Repeat the listing below line by line, exactly, leaving its pictures behind.

**DATA EXTRACT**
· · · · · · ·

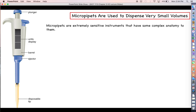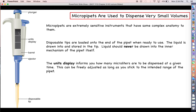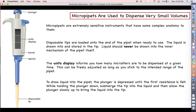Micropipettes are extremely sensitive instruments with complex internal anatomy, so we need to understand how they work to take good care of them. Disposable tips are loaded onto the end of the pipette when ready to use — these tips can be sterilized, making micropipettes useful for sterile environments. You must always use disposable tips; liquid should never be drawn directly into the inner workings of the pipette or you will ruin it. The units display — three boxes — shows how many microliters are set to be dispensed, and this can be freely adjusted using a dial on the pipette.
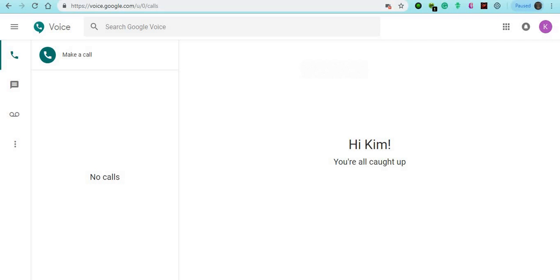That's pretty much how you set up a Google Voice. If you all have any questions, feel free to ask. You guys have a good one. Be blessed.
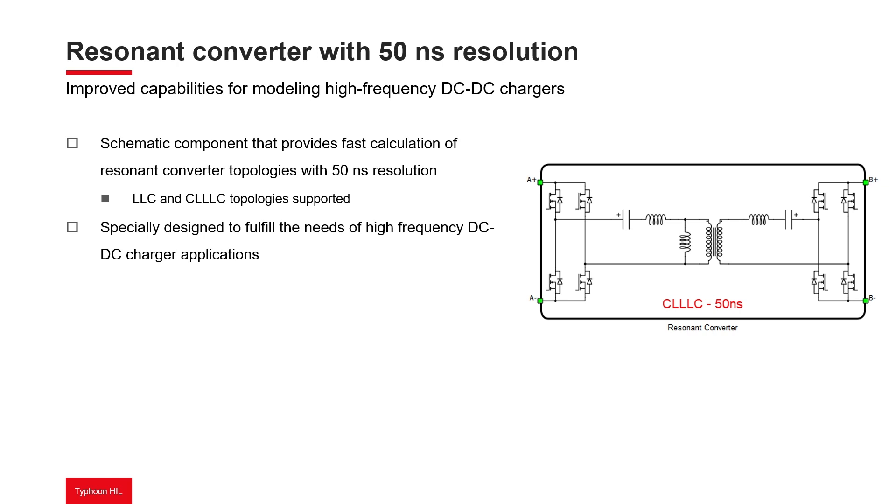can be simulated with a 50-nanosecond simulation time step. These topologies are widely used in high-frequency power converter applications and are specially designed to fulfill the needs of high-frequency DC-DC charger applications.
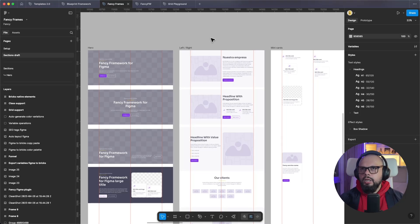Hi, my name is John and in this video I want to show you how Fancy Figma to Bricks works. This is a plugin I created to speed up your workflow between Figma and Bricks Builder.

· · · · · · ·

**WRITTEN RESPONSE**
Micropipettes are extremely sensitive instruments with complex internal anatomy, so we need to understand how they work to take good care of them. Disposable tips are loaded onto the end of the pipette when ready to use — these tips can be sterilized, making micropipettes useful for sterile environments. You must always use disposable tips; liquid should never be drawn directly into the inner workings of the pipette or you will ruin it. The units display — three boxes — shows how many microliters are set to be dispensed, and this can be freely adjusted using a dial on the pipette.
That's pretty much how you set up a Google Voice. If you all have any questions, feel free to ask. You guys have a good one. Be blessed.
can be simulated with a 50-nanosecond simulation time step. These topologies are widely used in high-frequency power converter applications and are specially designed to fulfill the needs of high-frequency DC-DC charger applications.
Hi, my name is John and in this video I want to show you how Fancy Figma to Bricks works. This is a plugin I created to speed up your workflow between Figma and Bricks Builder.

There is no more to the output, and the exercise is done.